When I write as fast as I can, even with a word processor, my thinking obviously outstrips my word recording. In order to stay on my topic on the page or screen, I notice inconsequential details. I see and hear and think about the words I type in order to prevent my mind from wandering off the page. I once hand-wrote the word “oatmeal” a dozen times in a freewrite until I found the word “cookies” and could advance to “chocolate chips.” I hear my own voice saying each word I type. I do not allow the naysayer to have any voice at all.
When we are afraid of doing a bad job, we can hardly get started.
When I was trying and failing to write about my father after his death, I finally set the timer on my watch for thirty minutes, sat before my computer, and typed for all I was worth. Most of what I typed was trash, but about a third of the way into my time, I began to remember and describe the visuals and sounds and smells of my father’s tobacco pipes, his expansive answers to my questions, and the salmon-colored 3×5 cards he kept in his breast pocket and his fountain pen always filled with blue-black ink. The drawings of a medieval boat and of a nineteenth century clipper. The pink shell he stole from a hermit crab in Fortuna Bay. The terrible distortion of his fingers from arthritis.

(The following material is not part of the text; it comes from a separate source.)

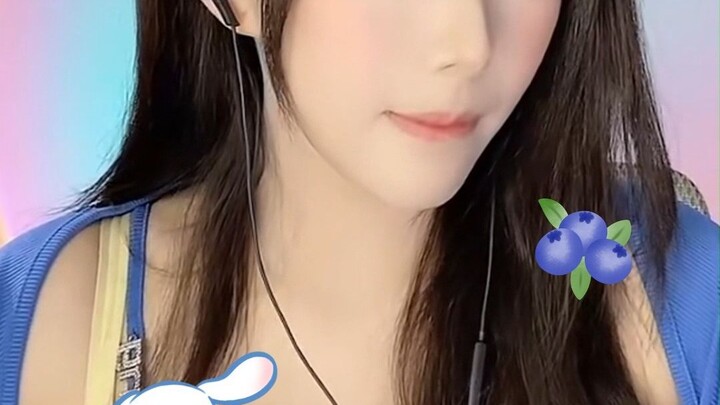 Mùa hè này, hãy yêu một mối tình đầy sắc cầu vồng nào!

In a half hour, I did not have a draft, but I had a start.
Karen Karbo says she does not reread her yellow pads, but keeps them just the same. William Stafford did not publish 365 poems a year, but writing that many drafts gave him material for what he did during the remainder of his day: revision.
Everything that is to become must first find a start. I do not believe in writer’s block, but I do believe in fear of bad writing. William Stafford didn’t believe in writer’s block either. He insisted the only way to keep going when the ideas did not seem “good enough” was to “just lower your standards and keep going.”
Richard Hugo warns against writing with a pen, and that we should use lined paper with green lines.
I like green ink and I never use lined pages. I usually write with a fountain pen on the plain square pages of a journal. Most of what I write is drivel. The greatest skill of any good writer is a willingness to write badly.
____
Jan Priddy’s work has earned fellowships, awards, and publication. Aside from nonfiction, her last project is a novel about recovery from grief, and her current work is science fiction short stories. An MFA graduate from Pacific University, She lives and teaches writing in the NW corner of her home state of Oregon. Her new blog is https://janpriddyoregon.wordpress.com.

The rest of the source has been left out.